= Ponent =

Region in Catalonia

within Catalonia

Ponent, also known as the Lleida region following the vegueries law, is the westernmost of the eight regions (vegueries) defined by the Regional Plan of Catalonia. It has an area of 5,586 km^{2}, and 365,289 inhabitants as of 2022.

The region includes the comarques of Segrià, Garrigues, Noguera, Pla d'Urgell, Segarra and Urgell. Within Catalonia, it borders to the north with Alt Pirineu, to the east with Central Catalonia, Penedès and Camp de Tarragona, and to the south with Terres de l'Ebre. Outside of administrative terms, the name is sometimes used including the Aragonese comarques of Baix Cinca and La Llitera, which are part of the Catalan-speaking territory in Aragon known as Franja de Ponent.

Its capital is the city of Lleida.

== Name ==
The region's name, inherited from Latin ponentem (putting, setting), refers to the west (of Catalonia). Other traditional names include Terres de Ponent (Lands of Ponent) and Terra Ferma. Some political sectors have spoken out in favour of and against the name of the vegueria including the capital's name, those in favour proposing names such as Terres de Lleida, Comarques de Lleida, or Terres Lleidatanes, with the final name being simply the Lleida region.

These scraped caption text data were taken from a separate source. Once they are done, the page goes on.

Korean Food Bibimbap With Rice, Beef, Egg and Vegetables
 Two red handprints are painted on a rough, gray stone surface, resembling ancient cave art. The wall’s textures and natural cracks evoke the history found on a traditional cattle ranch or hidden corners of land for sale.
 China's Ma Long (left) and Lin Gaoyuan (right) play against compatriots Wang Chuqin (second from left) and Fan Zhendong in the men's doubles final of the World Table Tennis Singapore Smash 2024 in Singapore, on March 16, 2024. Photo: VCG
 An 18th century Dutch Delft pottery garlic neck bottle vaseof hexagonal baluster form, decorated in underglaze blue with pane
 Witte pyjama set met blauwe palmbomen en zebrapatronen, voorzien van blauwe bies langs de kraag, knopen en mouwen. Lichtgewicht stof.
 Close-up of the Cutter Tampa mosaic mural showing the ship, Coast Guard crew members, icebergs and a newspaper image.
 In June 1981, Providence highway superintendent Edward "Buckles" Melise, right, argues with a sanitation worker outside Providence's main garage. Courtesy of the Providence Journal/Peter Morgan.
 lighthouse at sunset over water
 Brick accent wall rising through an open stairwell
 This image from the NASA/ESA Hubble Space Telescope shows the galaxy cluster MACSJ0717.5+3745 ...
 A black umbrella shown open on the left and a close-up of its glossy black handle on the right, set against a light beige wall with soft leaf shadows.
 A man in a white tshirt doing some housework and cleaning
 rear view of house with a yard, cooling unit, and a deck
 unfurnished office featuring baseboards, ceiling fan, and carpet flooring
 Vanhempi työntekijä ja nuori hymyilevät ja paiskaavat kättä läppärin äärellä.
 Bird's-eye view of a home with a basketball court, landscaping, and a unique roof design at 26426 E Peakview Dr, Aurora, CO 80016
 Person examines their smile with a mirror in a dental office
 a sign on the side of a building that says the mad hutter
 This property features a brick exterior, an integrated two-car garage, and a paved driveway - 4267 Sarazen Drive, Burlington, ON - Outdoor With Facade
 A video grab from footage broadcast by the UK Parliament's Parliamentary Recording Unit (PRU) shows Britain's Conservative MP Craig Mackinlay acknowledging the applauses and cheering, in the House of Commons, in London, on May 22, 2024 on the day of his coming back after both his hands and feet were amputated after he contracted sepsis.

The region's demonym is ponentí (/ca/) (pl. ponentins).
== Demography ==

Comarques and municipalities in the Ponent region

 The economy is focused on agriculture, although major populations have a large concentration of services and food processing industries. The most important city is Lleida, followed by Balaguer, Tàrrega and Mollerussa. Other important towns are Cervera, Les Borges Blanques, Agramunt, Artesa de Segre, Ponts and, while administratively part of Aragon, the city of Fraga.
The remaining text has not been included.